[What you need to do] Tally the lines below that contain the word "about", then give the tally alone.

[Task inputs]

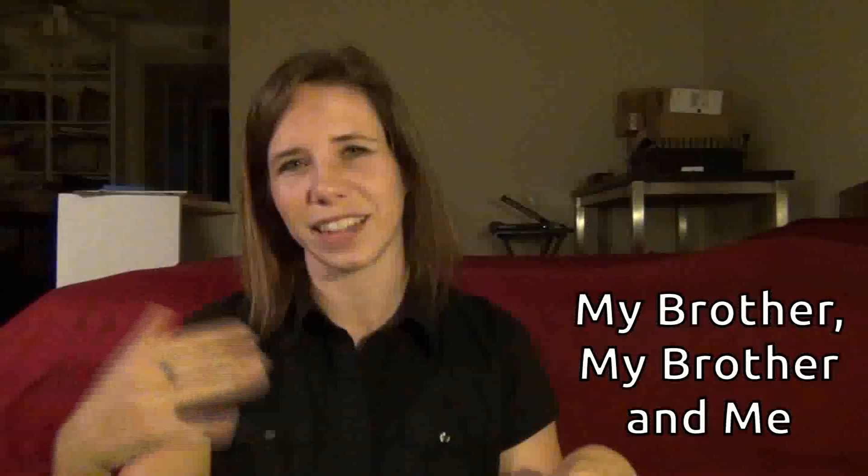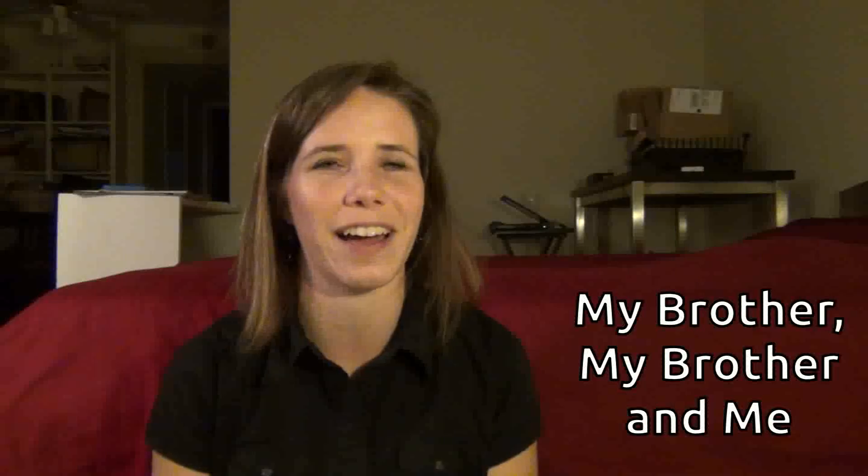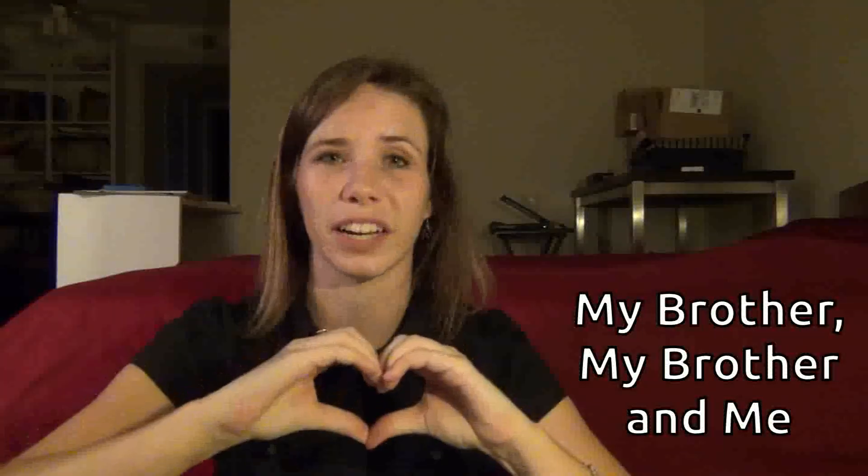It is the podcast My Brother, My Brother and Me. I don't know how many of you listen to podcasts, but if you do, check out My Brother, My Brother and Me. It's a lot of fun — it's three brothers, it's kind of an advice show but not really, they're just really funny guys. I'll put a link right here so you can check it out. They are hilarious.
...
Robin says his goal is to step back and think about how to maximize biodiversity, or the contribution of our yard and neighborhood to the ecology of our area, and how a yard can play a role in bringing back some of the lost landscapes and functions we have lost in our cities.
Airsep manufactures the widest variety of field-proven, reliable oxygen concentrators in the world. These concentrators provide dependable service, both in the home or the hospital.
...
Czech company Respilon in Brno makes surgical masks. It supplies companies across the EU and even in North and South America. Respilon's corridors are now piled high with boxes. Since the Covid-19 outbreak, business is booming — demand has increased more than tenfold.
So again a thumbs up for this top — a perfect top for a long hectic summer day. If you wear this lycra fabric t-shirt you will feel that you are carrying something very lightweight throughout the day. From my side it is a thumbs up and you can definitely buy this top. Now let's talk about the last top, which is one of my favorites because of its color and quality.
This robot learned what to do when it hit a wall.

[Worked solution] 2